Extract from The New Daily
Hearings for the Royal Commission into the Robodebt Scheme came to an end on Friday.
Over the past four months, they have delivered a telling portrait of unaccountable government power.
What are the key things Australians should take away as they look back on a mass of limited recollections, missing paper and inaction?
The first phase of the inquiry was marked by bombshell revelations. Two iron curtains that protect government – legal professional privilege and cabinet confidentiality – were pulled back.
In the opening week, we learned:
In 2014, Department of Social Services’ legal advice on robodebt was a flat “no”. New legislation was needed to raise debts by averaging annual income. Robodebt went ahead without it.

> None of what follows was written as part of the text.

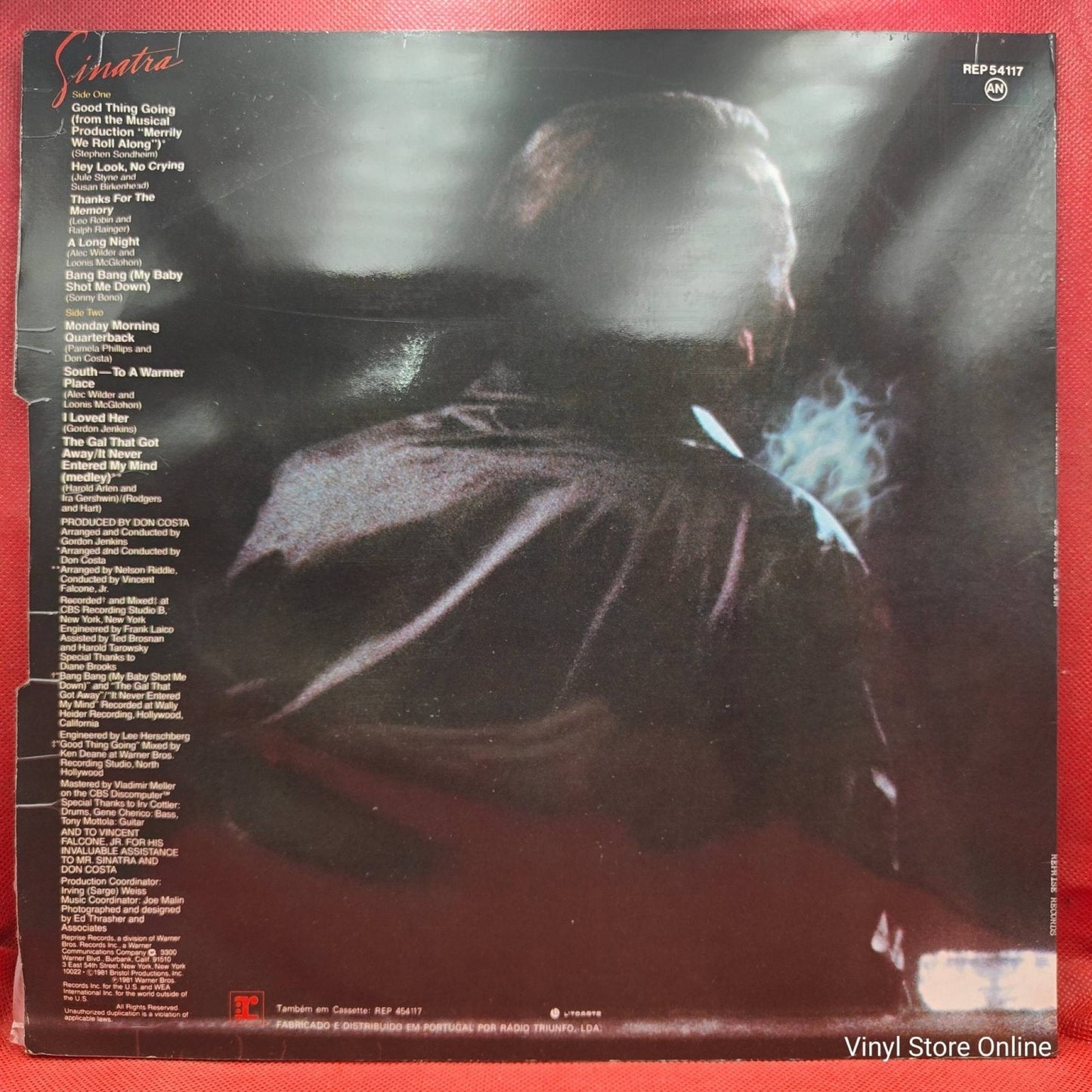 Frank Sinatra – She Shot Me Down - Vinyl Store Online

In 2017, after enormous public outcry, external legal advice was not sought. Instead, a government lawyer reported feeling “pressure” to produce heavily qualified legal advice. This unpersuasive advice was then used to justify the scheme.

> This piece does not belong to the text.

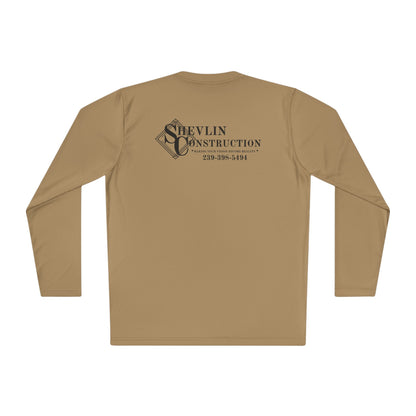 Moisture-Wicking Long Sleeve Tee | Shevlin Construction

In 2018, the Department of Social Services, received advice dubbed “catastrophic” for the scheme. It stayed in draft, something lawyers admitted was a common practice.
Confronted by this, Commissioner Catherine Holmes had only two words: “I’m appalled”.
Without the royal commission, the standard rules on transparency would have applied. Australians would never have known any of it.
Ethically indefensible
Robodebt is about so much more than just the absence of law. After years of semantics and political rhetoric, the hearings confirmed robodebt as baseless, ethically indefensible policy.
Holmes rebuked the program as “amateurish, rushed and disastrous”.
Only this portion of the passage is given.